Survivors of a suicide loss are susceptible to “grief attacks,” when the emotional impact of a loved one’s death strikes without warning. I experienced these commonly in the early weeks, months and years following my dad’s death. Some days, they were prompted by a song playing on the radio while I drove in the car. Other days, it was the stark realization he is gone forever. Now that I am five years out, I find that my emotional reactions to his suicide don’t hit me quite as hard but instead tend to stir up uncomfortable feelings (that I can usually hide in public).
Within the past few weeks, I’ve noticed a couple examples of this.
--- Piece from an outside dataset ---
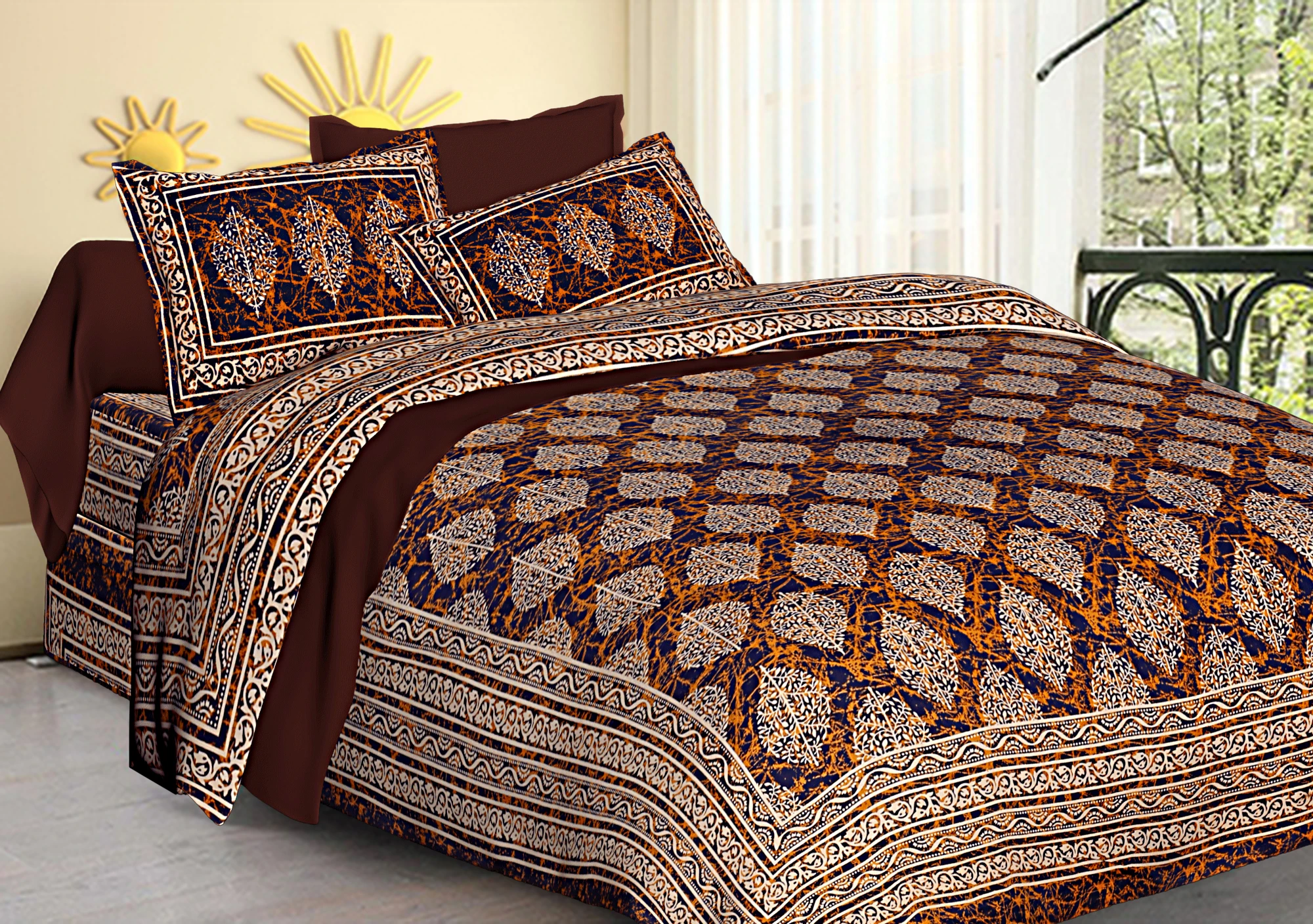 Bedspread Cotton Fabric Handmade King Size Bedsheet Red Color Beautiful Royal Look Multiple Color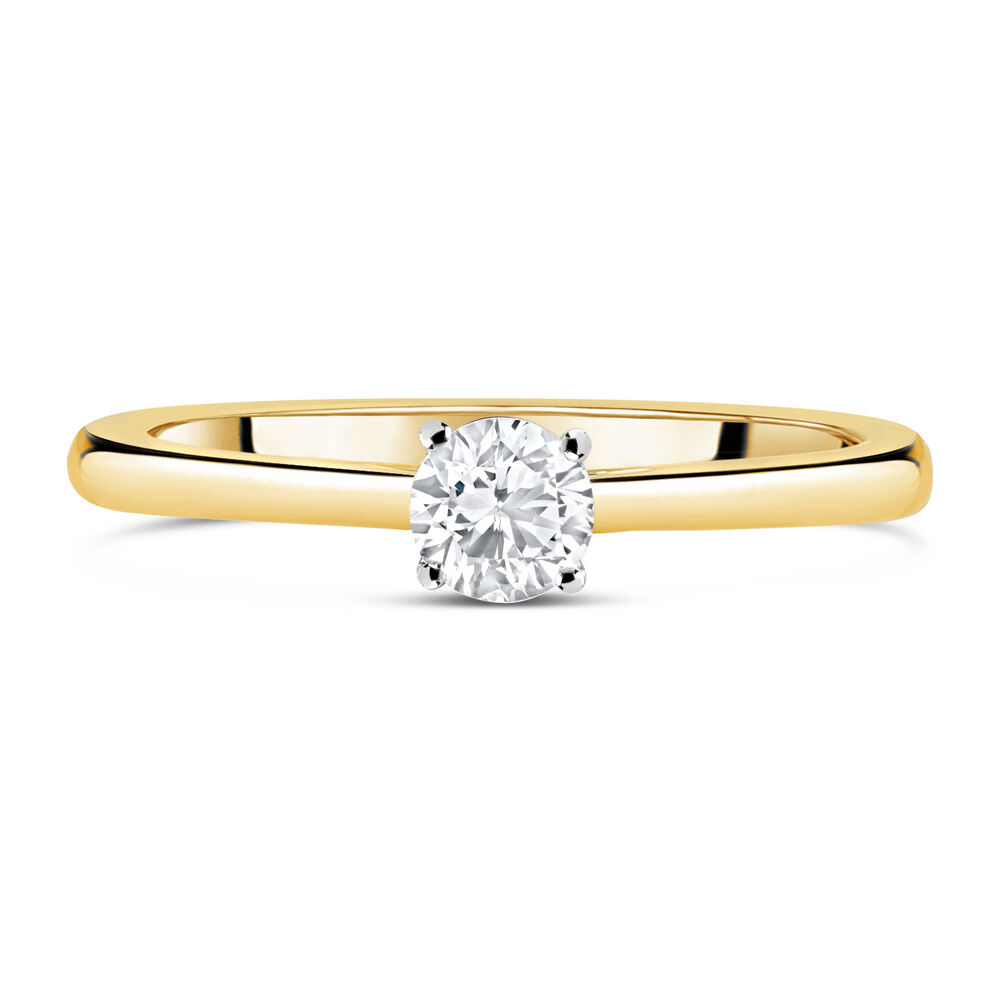 18ct Yellow Gold 0.25ct Round Diamond Tulip Setting Ring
On Facebook, a friend posted a photo of her and her dad in recognition of his birthday and included a comment that said, “thank you for always being there for me.” Reading that really affected me because it made me realize that my dad chose NOT to be there for me. Aren’t dads (and family members in general) supposed to be there for you? I felt a bit deflated after that. It’s interesting how seeing that particular innocent phrase pointed out such a deficit in my life. Despite his reassurances to me early in life that family is the strongest bond and all we have in this life, he left us behind.
Similarly, I attended a wedding and listened fondly as the bride’s father gave a speech during the reception. He became emotional when describing the moment his daughter was born and how it was the happiest day of his life. This, of course, led me to try and hold back tears. I couldn’t help but think my dad probably felt something similar. At one point in his life, he was overcome with joy and happiness about me being a part of his life and being a father. But, somehow that got twisted into an overwhelming sense of sadness and depression. I wasn’t enough? That happiness about what he had and being a father wasn’t enough anymore? That’s hard to think about. Something else was much more powerful.
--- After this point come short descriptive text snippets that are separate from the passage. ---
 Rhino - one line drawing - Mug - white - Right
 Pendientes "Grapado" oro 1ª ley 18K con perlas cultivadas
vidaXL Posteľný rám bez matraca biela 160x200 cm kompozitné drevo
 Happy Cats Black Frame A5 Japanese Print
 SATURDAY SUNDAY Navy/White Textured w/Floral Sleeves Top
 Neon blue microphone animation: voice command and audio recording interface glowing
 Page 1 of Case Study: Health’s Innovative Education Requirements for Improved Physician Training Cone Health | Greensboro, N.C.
Other times, I feel angry. This emotion usually doesn’t even need a “trigger.” It will just occur to me he is gone or unable to help me through something anymore in a dadly way and it really pi&%#@ me off. I still need him. I wasn’t done learning. Why didn’t he work harder to find a better way out of this for us? Why didn’t he think about the fact we’d still be dealing with this five (and more) years later?
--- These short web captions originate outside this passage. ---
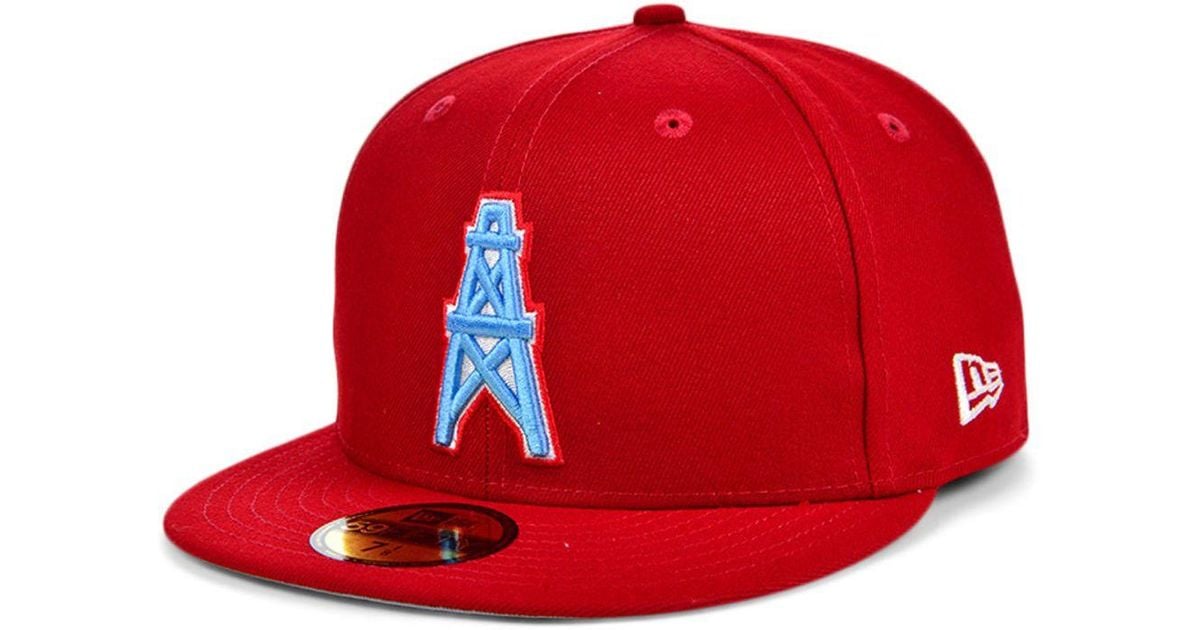 KTZ Houston Oilers Team Basic 59fifty Cap in Red for Men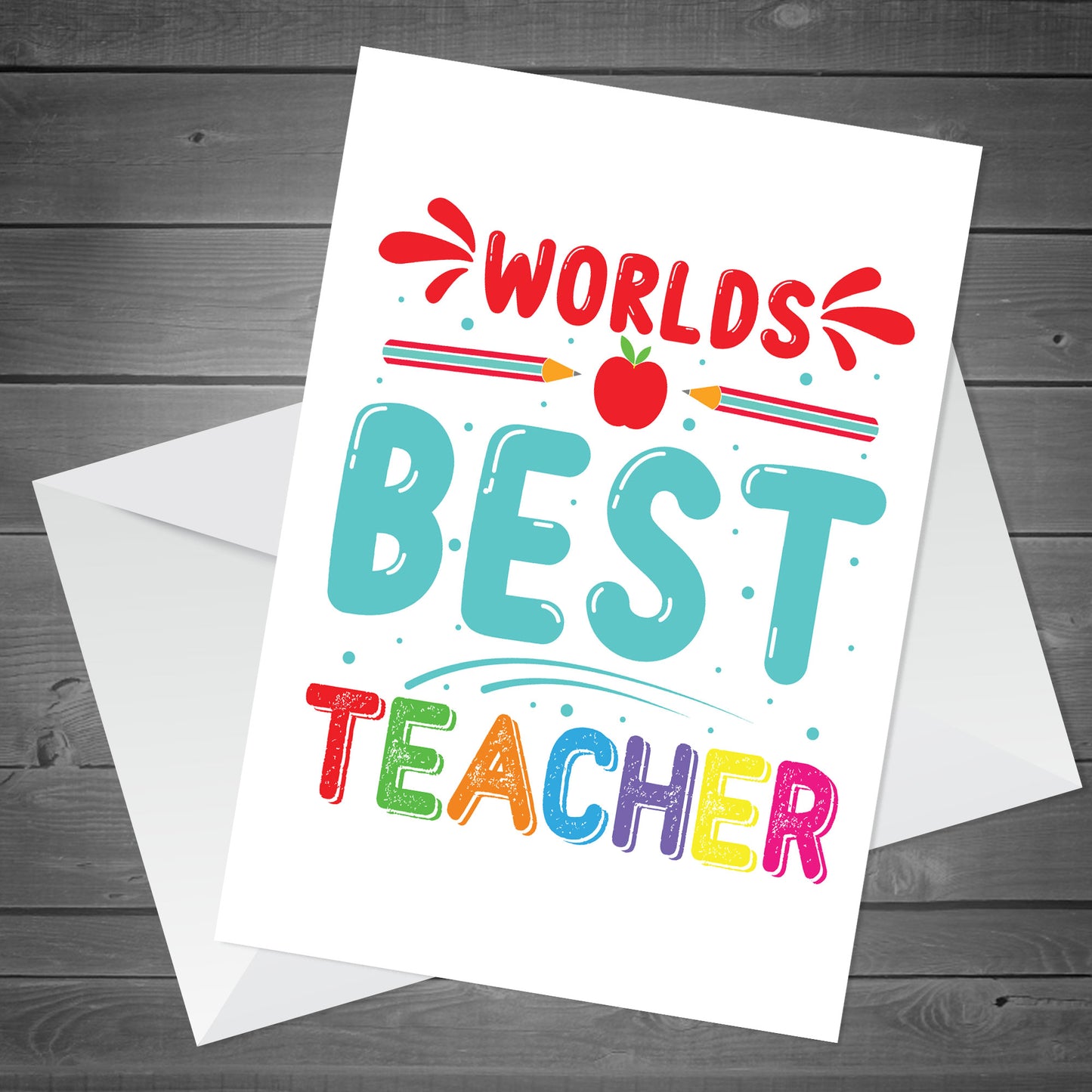 Worlds Best Teacher Card Thank You Card For Teacher Leaving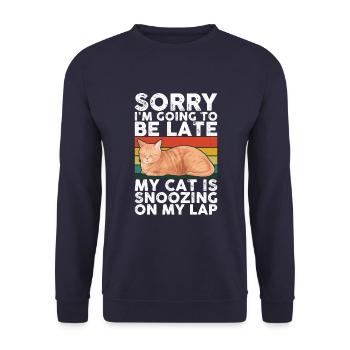 Sorry, I'll be late - Unisex Sweatshirt - navy - Front - Alina (178cm) & Michal (187cm)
Needless to say, there’s a rollercoaster of emotional episodes survivors face after a loss and there’s no time limit to when they will end. I now know to just buckle my seatbelt and work through my emotions as they do arise.
Ruby says
I understand, it has been 12 years for me. I still struggle everyday with questions, self doubt, overwhelming saddness and why? Why would my father do this to himself and us. His 2 daughters and 3 grandsons!!!! I wish I could prevent someone from this choice and help them to understand there’s nothing wrong with their feelings and thoughts…to Please give life one more day.